Skip to content

Algorithms with training that requires split by class don't seem to work

When running a small baseline algorithm, such as lda, it seems that the required classes for the training samples is not forwarded to the training algorithm:

$ bob bio pipelines vanilla-biometrics -vv atnt  lda

...

File ".../bob.bio.base/bob/bio/base/transformers/algorithm.py", line 62, in fit
    training_data = split_X_by_y(X, y)
  File ".../bob.bio.base/bob/bio/base/transformers/__init__.py", line 6, in split_X_by_y
    for x1, y1 in zip(X, y):
TypeError: 'NoneType' object is not iterable

I have checked what is going on, and it seems that y=None in: https://gitlab.idiap.ch/bob/bob.bio.base/-/blob/1c3f542ee4d77592146ddc54aa8a51194a853745/bob/bio/base/transformers/__init__.py#L4 called by: https://gitlab.idiap.ch/bob/bob.bio.base/-/blob/1c3f542ee4d77592146ddc54aa8a51194a853745/bob/bio/base/transformers/algorithm.py#L61

Unfortunately, I cannot trace the issue back further since my experience in debugging dask is very limited.

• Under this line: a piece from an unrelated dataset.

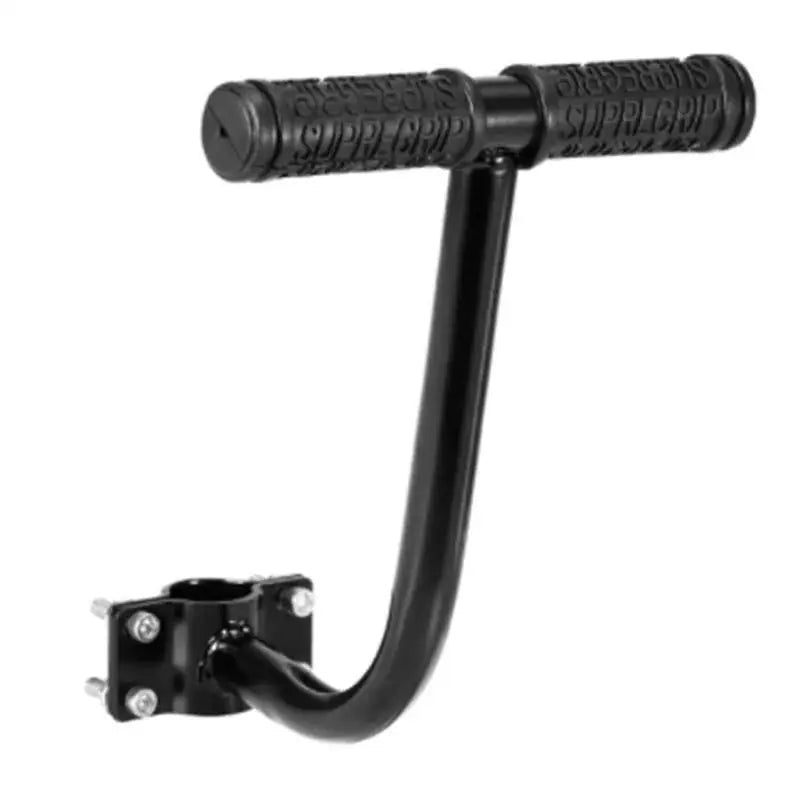 https://ae01.alicdn.com/kf/S7c1a98909cd846a7aea4e27e27dd35d58/Cycle-Accessories-Parts-Bicicleta-Bicycle-Rear-Seat-Saddle-Child-With-Back-Rest-Handle-Armrest-Footrest-Pedal.jpg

Maybe we should allow to run the pipeline without dask -- as far as I understood, the dask-pipeline is only a wrapper around the whole pipeline. Is it possible to skip using the dask wrapper and run everything local in a single thread? This would make debugging much easier.

Actually, I wanted to try out the above pipeline to debug my dask setup, which does not work.